Club trip to Precision Custom Coatings

This month, the Production Management club took a trip to the Precision Custom Coatings headquarters in New Jersey, which consists of the Precision Textiles division, focused on non-woven fabrics, coatings, and laminations. PCC services a wide variety of industries, including apparel, automotive, footwear, filtration, bedding + mattress, and home goods. We took a guided tour through their non-woven production facility and got to see the different processes of creating non-wovens and coating them.

First, their fiber comes in bulk orders shipped in big bundles. These fibers are densely packed and need to be separated in order to be turned into a fiber. To do this, the fibers are sent through a machine called a “carding machine”. While they are separated in the machine, the quantities of mixed fabrics are determined at this stage, such as a 20/80 (20% one fiber, 80% another fiber).

Once the fibers are separated and somewhat layered together, they must be bonded together. This is where the variety of machinery and fabric types comes in. We were lucky to see several methods that PCC uses to bind their fibers. One method is with repetitive exposure to pressure and heat. With the fibers evenly exposed to heat, they loosen up and latch onto each other.

Another method, the “Needle Plunge” method, involves running the fibers through a machine where a bed of needles repeatedly poke the fibers from both above and below. This condenses the fibers and locks them in place.

The other method we saw was the “Saturate” method. This involves a fusible resin application to the fibers, where, exposed to heat, they will bond together. The resin is funneled into a tube with tiny holes all on the outside where the resin can be dispersed onto the fabric, the white residue in the above-left photo is residual resin.
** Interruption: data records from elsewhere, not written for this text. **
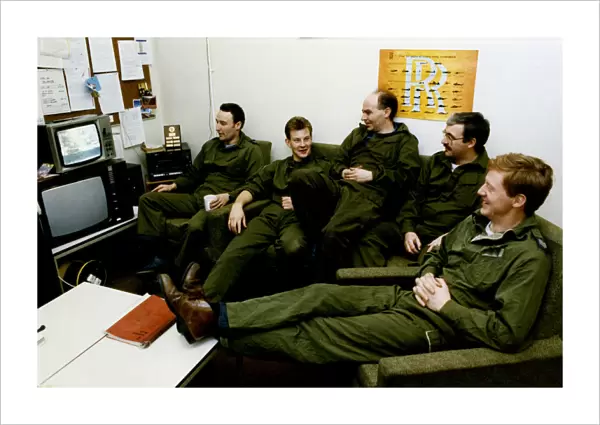 Ground crew relax in their crew room at RAF Leuchars, January 1992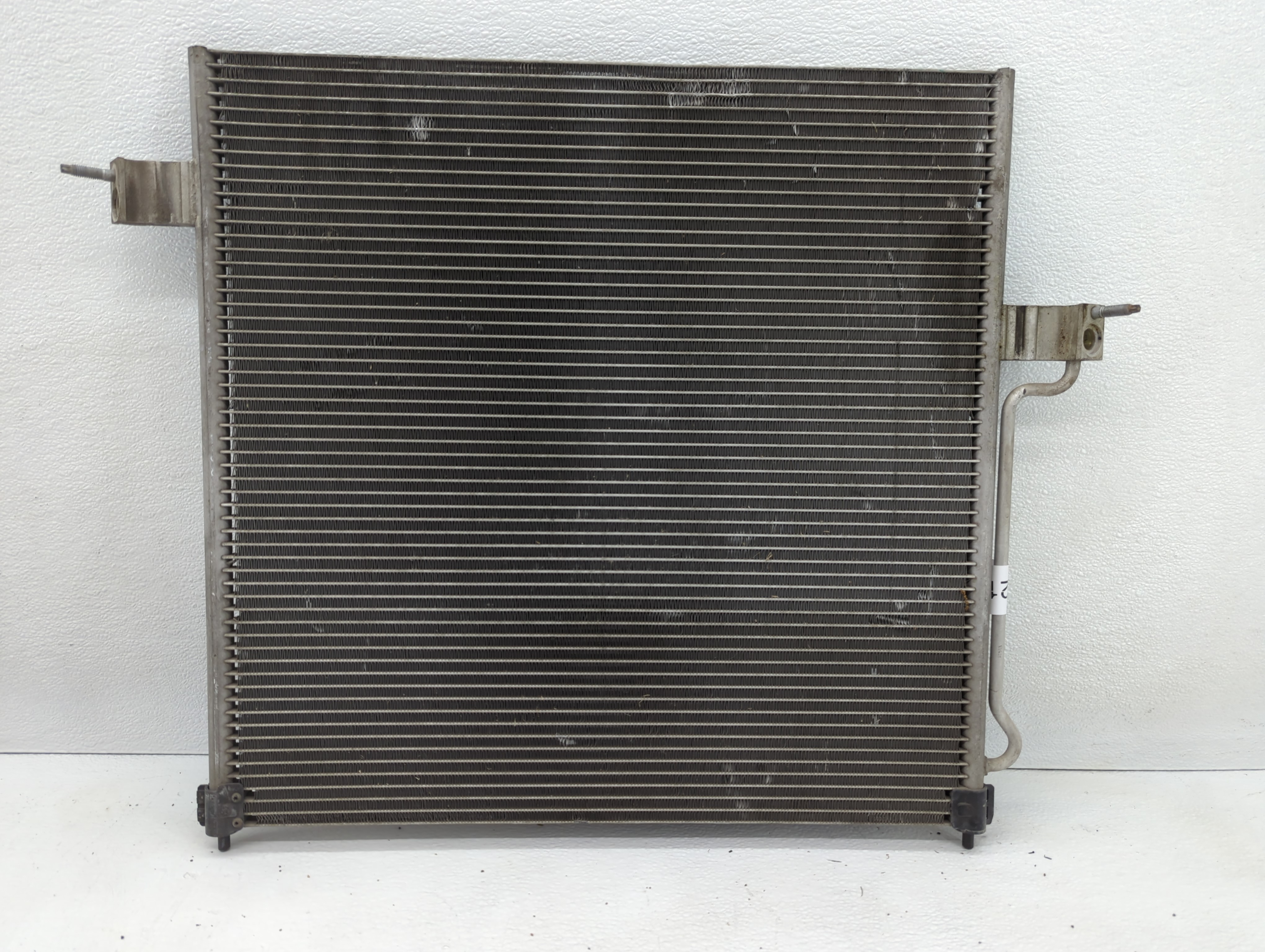 Ford Explorer Left Radiator Fan Motor Assembly Black 630211 - Oemusedautoparts1.com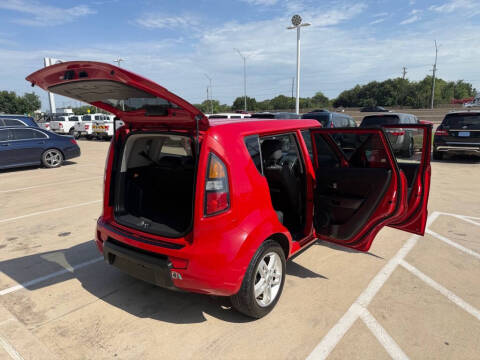 2010 Kia Soul +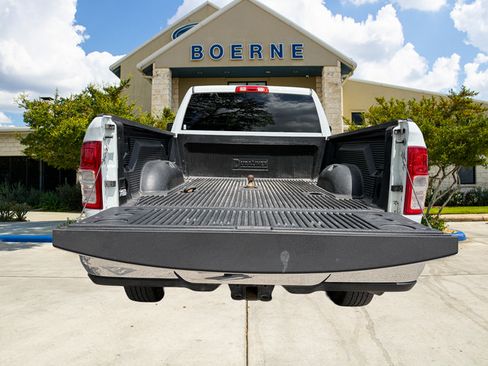 Used 2024 RAM 2500 Big Horn AWD/4WD image 5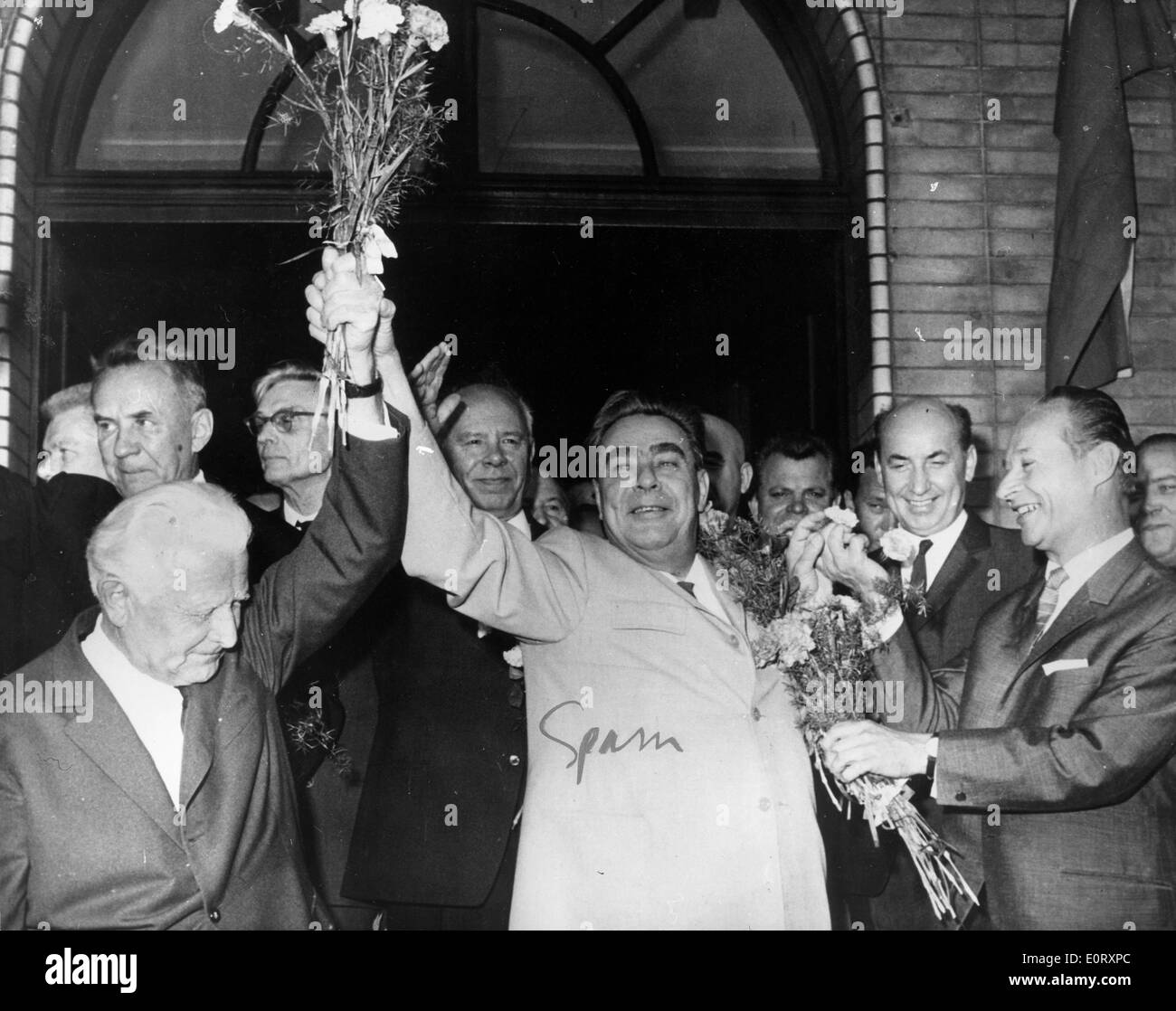 Presidente Svoboda e Leonid Brezhnev tenere fiori Foto Stock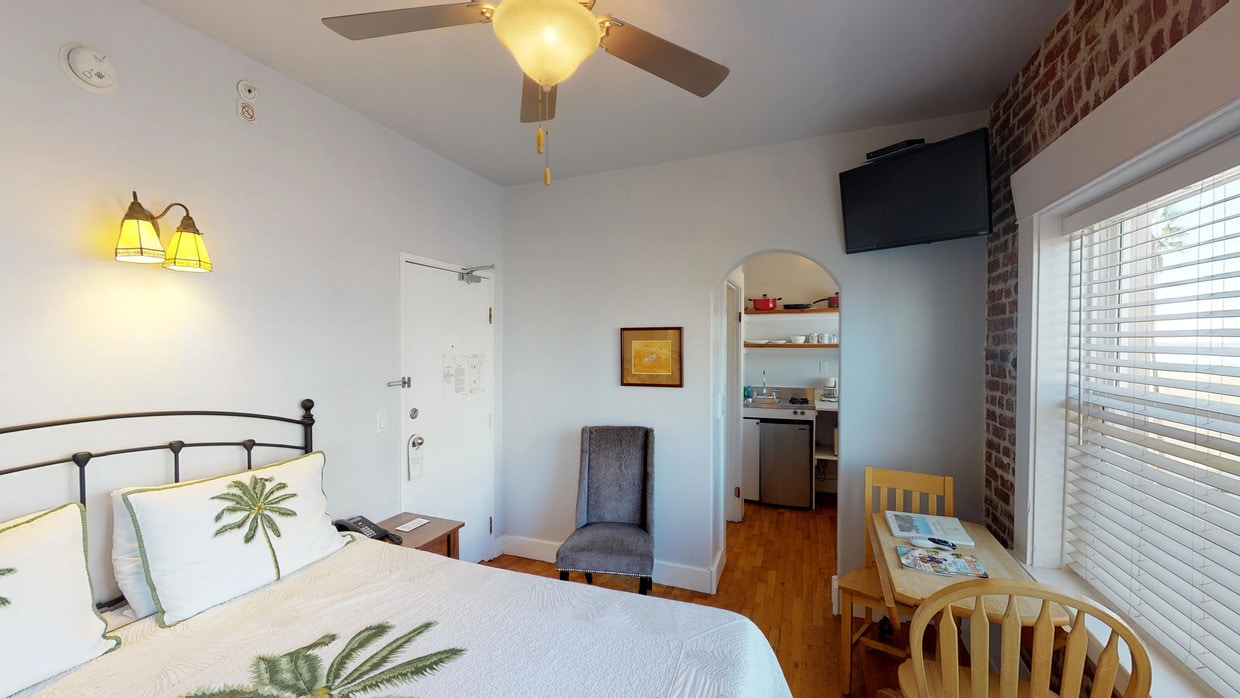 Photo - Boardwalk Flats - Ocean Front Studios Apartments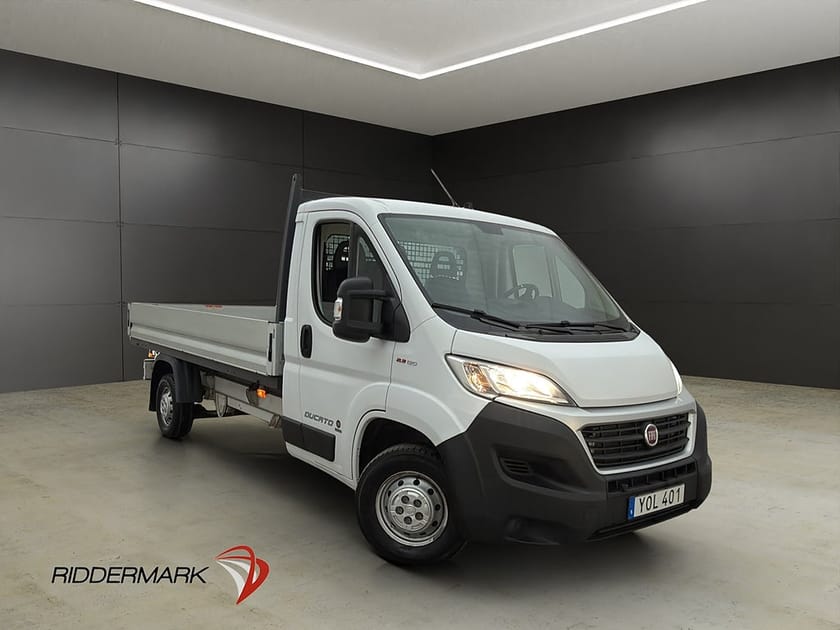 Bild 3 av Fiat Ducato Chassi Cab FLAKBIL 2.3 130hk Ny-Kamrem Värmare 3-Sits Moms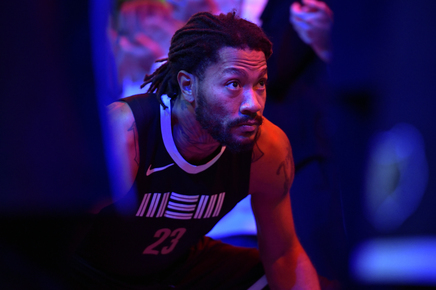 Derrick Rose s-a retras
Once the fabrics are finished, they undergo inspection by the workers. Here they are looking for any inconsistencies in the bonds of the fabric, tears or snags, uneven thicknesses or color, and any other imperfections.

 

It was an amazing opportunity to visit Precision Custom Coatings. The staff were all extremely friendly and gave us so much information. A lot of what we saw is talked about in classes at FIT, but seeing it first-hand really puts it in a different perspective. It made me think a lot more about the mechanics and engineering involved in the production of fabrics.

So if you ever hear of a club taking a trip, don’t just shrug them off. They are definitely worthwhile and can lead to some awesome discoveries!